Even as Democratic candidates take the stage at Detroit’s Fox Theatre on Tuesday and Wednesday, for the second national primary debates, the focus of the ground game remains in Iowa, where Obama made his case, in 2007, through relentless retail politics and attention to local media. His team treated national polls mostly as an annoyance, instead betting that a victory in Iowa would change the game. And it did. Although Obama faltered a few days later in New Hampshire, his triumph in a largely rural, overwhelmingly white Midwestern state demonstrated to voters and donors elsewhere that he could win the nomination. Clinton improved her own field operation and the contest became a slugfest, but she never caught up, despite a national polling average that showed her, as late as January, 2008—on the eve of the Iowa caucuses—around twenty points ahead.
The Iowa caucuses will not be held until February, 2020, but the current candidates and their legions of foot soldiers are already in the field. In Des Moines, J. Ann Selzer is trying to divine who will show up and how they will caucus, as she has for more than thirty years. Selzer directs the Des Moines Register’s Iowa Poll, which has been remarkably on-target, perhaps most impressively in 2008, when it showed Obama winning comfortably by marshalling an unprecedented voter turnout, including tens of thousands of first-timers. “A lot of pollsters build a likely-voter model and they base it on what happened before. I poll forward rather than polling backward,” she said. Apologizing for a lengthy explanation that “will get pretty wonky pretty quickly,” she told me that her group gathers enough data to build metrics “that we’re weighting to known population parameters.” In 2016, FiveThirtyEight called her “the best pollster in politics.”

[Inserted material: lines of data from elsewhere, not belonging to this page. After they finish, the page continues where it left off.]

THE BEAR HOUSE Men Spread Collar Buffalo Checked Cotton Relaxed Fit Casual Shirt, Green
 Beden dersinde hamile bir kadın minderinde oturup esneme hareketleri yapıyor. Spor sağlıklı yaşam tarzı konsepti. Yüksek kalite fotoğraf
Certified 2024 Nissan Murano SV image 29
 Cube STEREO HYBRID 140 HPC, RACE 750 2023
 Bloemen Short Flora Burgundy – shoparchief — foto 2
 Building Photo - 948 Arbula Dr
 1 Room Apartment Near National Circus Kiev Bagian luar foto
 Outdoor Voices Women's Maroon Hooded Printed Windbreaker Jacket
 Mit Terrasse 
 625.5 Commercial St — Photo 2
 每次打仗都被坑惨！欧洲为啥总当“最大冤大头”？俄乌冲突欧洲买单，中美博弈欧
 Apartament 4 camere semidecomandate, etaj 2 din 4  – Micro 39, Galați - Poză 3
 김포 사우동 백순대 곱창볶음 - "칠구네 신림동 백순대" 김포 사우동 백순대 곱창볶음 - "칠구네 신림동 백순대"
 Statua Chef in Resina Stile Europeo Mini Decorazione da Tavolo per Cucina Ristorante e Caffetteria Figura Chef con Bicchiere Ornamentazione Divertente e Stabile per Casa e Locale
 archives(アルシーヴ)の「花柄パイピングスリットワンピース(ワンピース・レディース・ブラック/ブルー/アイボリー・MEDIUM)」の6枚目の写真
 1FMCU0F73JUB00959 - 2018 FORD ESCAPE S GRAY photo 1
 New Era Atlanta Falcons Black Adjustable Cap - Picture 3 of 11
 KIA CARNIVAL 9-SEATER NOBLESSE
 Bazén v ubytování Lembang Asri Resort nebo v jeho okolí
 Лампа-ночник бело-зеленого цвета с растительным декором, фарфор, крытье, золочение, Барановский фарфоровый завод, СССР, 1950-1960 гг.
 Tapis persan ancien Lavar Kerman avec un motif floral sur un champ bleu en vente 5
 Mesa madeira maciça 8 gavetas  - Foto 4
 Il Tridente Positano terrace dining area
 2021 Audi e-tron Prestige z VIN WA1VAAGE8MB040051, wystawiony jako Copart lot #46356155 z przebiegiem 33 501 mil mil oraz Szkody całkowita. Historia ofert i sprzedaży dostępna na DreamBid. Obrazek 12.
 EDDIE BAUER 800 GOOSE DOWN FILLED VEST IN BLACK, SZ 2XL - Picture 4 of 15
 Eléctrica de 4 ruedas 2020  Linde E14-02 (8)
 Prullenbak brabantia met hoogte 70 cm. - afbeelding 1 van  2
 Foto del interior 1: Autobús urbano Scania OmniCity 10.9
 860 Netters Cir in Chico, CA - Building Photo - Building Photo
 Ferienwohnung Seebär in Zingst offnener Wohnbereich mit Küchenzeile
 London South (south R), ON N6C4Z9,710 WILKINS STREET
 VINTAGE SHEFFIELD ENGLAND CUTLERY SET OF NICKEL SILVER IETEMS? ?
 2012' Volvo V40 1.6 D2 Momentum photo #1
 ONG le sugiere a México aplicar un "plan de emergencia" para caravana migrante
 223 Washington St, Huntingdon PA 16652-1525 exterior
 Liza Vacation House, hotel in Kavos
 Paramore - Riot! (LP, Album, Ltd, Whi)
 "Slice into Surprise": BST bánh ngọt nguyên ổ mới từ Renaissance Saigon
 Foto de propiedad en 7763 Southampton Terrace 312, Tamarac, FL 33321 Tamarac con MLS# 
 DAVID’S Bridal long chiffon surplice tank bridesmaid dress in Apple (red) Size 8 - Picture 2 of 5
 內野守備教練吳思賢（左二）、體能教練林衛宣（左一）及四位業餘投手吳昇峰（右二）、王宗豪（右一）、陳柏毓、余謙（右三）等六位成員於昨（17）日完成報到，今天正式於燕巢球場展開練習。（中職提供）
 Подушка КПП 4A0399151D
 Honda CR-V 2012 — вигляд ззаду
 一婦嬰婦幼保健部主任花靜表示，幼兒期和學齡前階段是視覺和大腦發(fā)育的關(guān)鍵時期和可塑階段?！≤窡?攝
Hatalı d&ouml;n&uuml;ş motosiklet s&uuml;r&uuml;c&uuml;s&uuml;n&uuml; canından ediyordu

But even Selzer is finding it particularly difficult to get a thorough read this year. “There are too many candidates,” she said. “That’s a lot for likely caucus-goers to comprehend—the nuances of this person versus that person.” Given that few Iowans are firm in their choices at this point, she realized that asking people for their first choice, or even their top two choices, might not reflect the underlying strength of various candidates. So she changed things up. She began asking voters which candidates they were actively considering. “This gave us their footprint,” she said, and helped predict the rise of Warren and Harris after the June debates, in Miami.
When I asked Selzer whether we can know how things will turn out for the Democrats this cycle, she pointed to a Register analysis from earlier this month by Nick Coltrain and Tim Webber, who reported that the candidates are on track to appear at an astonishing three thousand events in Iowa before the February caucuses. “The candidates are going to spend millions of dollars and thousands of events trying to change how we see it right now,” she said. “Anybody who tells you they can look at the field now and know who’s going to get the nomination is kidding themselves.”